Barrieren für Lernen und Erkundung senken

Durch die kostenlose Bereitstellung dieser fortschrittlichen Funktionen für akademische Forscher, Start-ups und Designteams senkt NanoIC die Hürden für Innovationen erheblich, fördert die Entwicklung von Anwendungen der nächsten Generation und stärkt die Position Europas in der globalen Halbleiterlandschaft.

„Mit dieser Version 1.0 unseres N2 P-PDK können Entwickler die Auswirkungen neuer Technologiefunktionen und Integrationsoptionen auf ihre Designs bewerten, bevor diese in den Angeboten der Foundries verfügbar sind. Es bietet eine einzigartige Umgebung, um technologische Wegbereiter mit praktischer Designumsetzung zu verbinden und sicherzustellen, dass Durchbrüche in der Geräteforschung zu Fortschritten auf Systemebene führen“, fasst Marie Garcia Bardon, Abteilungsleiterin bei imec und Arbeitspaketleiterin innerhalb der NanoIC-Pilotlinie, zusammen.

Aufbauend auf den Erkenntnissen aus dem vorherigen N2 P-PDK legt diese Version den Grundstein für zukünftige PDK-Iterationen und führt in den kommenden Jahren zusätzliche fortschrittliche Logik-, Speicher- und Verbindungs-PDKs ein. Die Roadmap umfasst zukünftige Versionen des N2 P-PDK sowie die kommenden A14- und A7-Logik-P-PDKs, eDRAM- und SOT-Speicher-PDKs und fortschrittliche Verbindungslösungen (RDL, Hybrid Bonding, Interposer), die Innovationen im gesamten Spektrum der Chip-Technologien der nächsten Generation ermöglichen.

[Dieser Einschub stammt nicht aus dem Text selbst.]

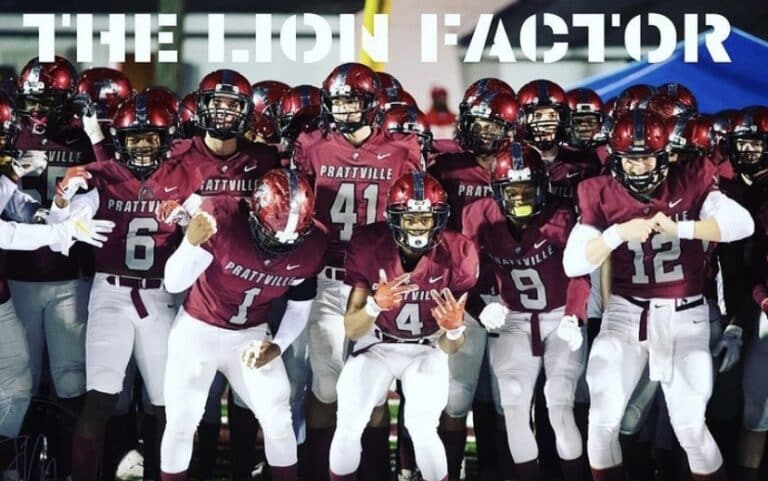 Prattville High School Football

Um Designer dabei zu unterstützen, das volle Potenzial des N2 P-PDK v1.0 auszuschöpfen, wird am 25. und 26. März 2026 ein spezieller Workshop organisiert. Diese Veranstaltung bietet einen theoretischen Rahmen, gefolgt von praktischen Schulungen unter Verwendung von zwei verschiedenen EDA-Tools: Cadence und Synopsys. Die Teilnehmer erhalten Einblicke in die SRAM-Speichermakros, aktualisierte Designregeln und Integrationsstrategien auf Systemebene. Weitere Details und die Möglichkeit zur Anmeldung gibt es auf der NanoIC Website.